Güneşin yağmurla flört hallerinden kaynaklanan havanın dönekliği
mi yoksa film setinin Urla gibi huzur yüklü bir yer seçilmesi
mi artık her neyse, dizi Seks ve Şehir olmaktan çıktı.
Erkekleri konuşup, eleştirecek, hayatın dengesizliklerine varana
kadar uzatacaktık konuyu. Ama takıldık, doğaya. Doğanın gücü bizi de etkisi
altına aldı. Önce yağmurla sırılsıklam olup, farkına vardık. Sonra rüzgar
çıktı, dalgalandık da durduk. Kabullendik. Daha sonra güneş açtı, biz de
açılıp saçılıp coştuk, şükrettik.
Mezesiz sofraların keyfi olmadığı gibi, konumuz bir ara ilişkiler
oldu tabii.
Doğanın hükmedemediği hatta hükmetmek istemediği elektronik
ilişkiler. Kapıyı santral telefona bağlamışsın misali, otomatiğe alınmış
ilişkiler. İstediğinde aç hem de yerinden kalkmadan.

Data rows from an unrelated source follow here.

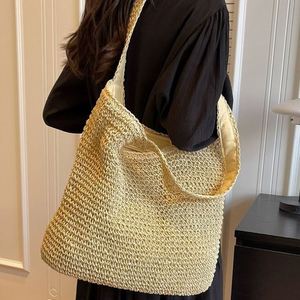 Bolso de mano grande de rafia tejida con cierre abierto para mujer, ideal para la playa y vacaciones, hecho de paja suave. - Product Image 3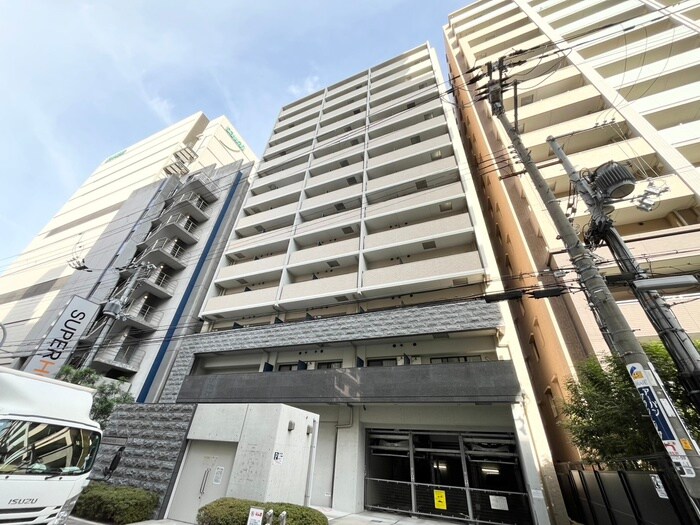 S-RESIDENCE江坂の物件外観写真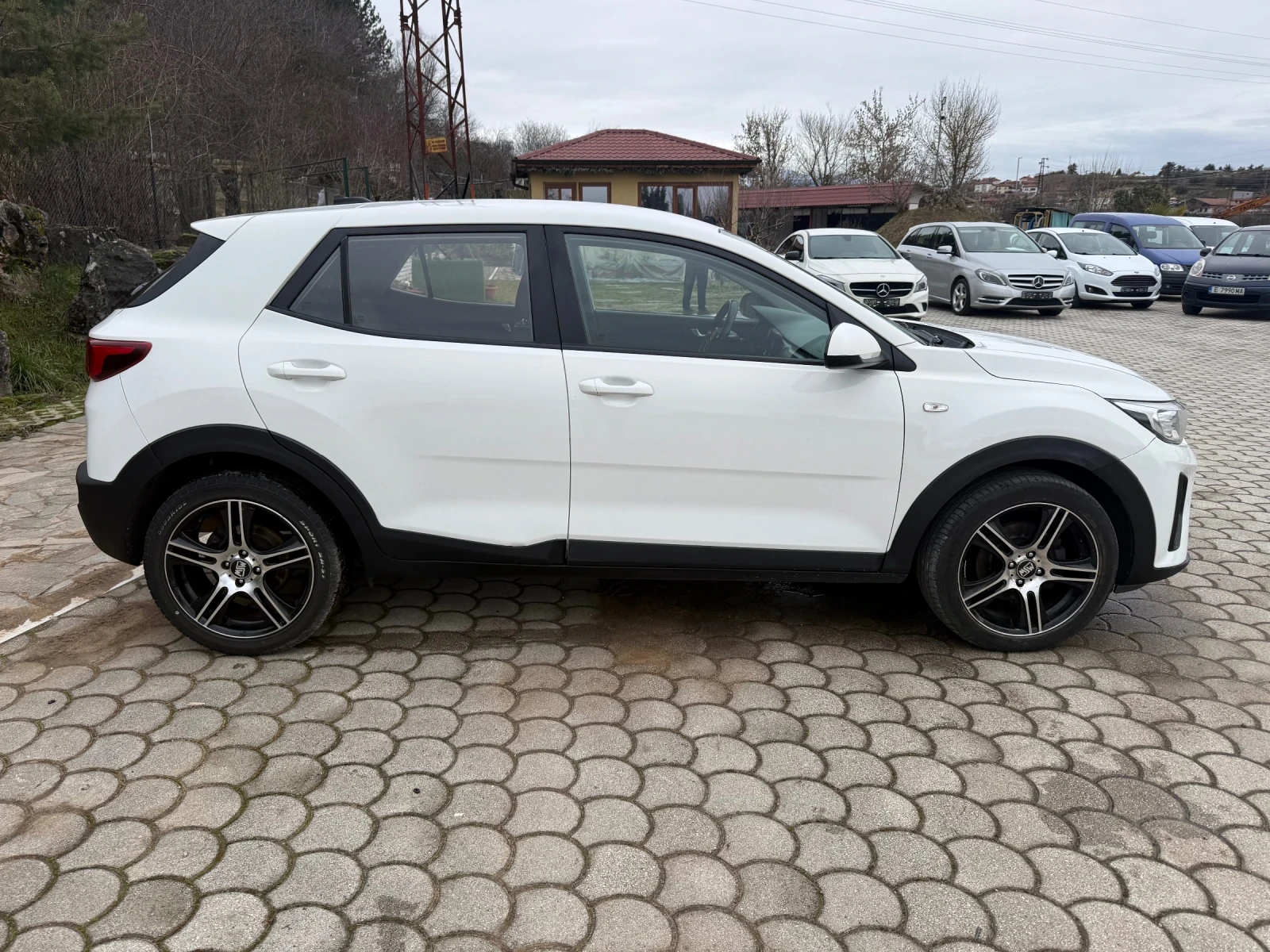 Kia Stonic 1.6 CRDI EURO 6B - изображение 4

Yarın ezberindedir nasılsa. Tüketim mutlaka olacaktır ama bari bu
sefer ağır ağır olsun hesabındasındır. Ezberbozan çıkar mı diye bir an düşünsen
bile, egon bozuverir seni. İlk o mu aradı, kim daha çok mesaj attı, gitsem mi,
ne giysem, ne yazsam ..Ertelesem olası bitişleri de ne kadar ertelesem?
Gelsin, avuçlarımda yok olsun, kaybolup bir olalım gerisine de
doğa karar versin diyemediğimiz elektronik ilişkiler.
Şehri, erkekleri, seksi, modayı, son dedikoduları, ucuz kalori
hesaplarını konuşamadık. İçe döndük, doğa bizi sarstı, salladı çarptı sonra da
kendimizle özgür bıraktı.
Dört kadın, ne seksi ne şehri derken "Kasaba ve Aşk" dizisine senaryo
olduk. İyi de oldu, kopyalar bol etrafta, orijinali yakaladık. Kırk bölüm
çekemeyecek olsak bile, hatta reytinglerde sona kalsak kimse izlemese ve hatta
sevmese bile “biz’e ait” oldu.
Özetle, senaryomuz güzel, yaşayacak cesaretimiz olsun yeter.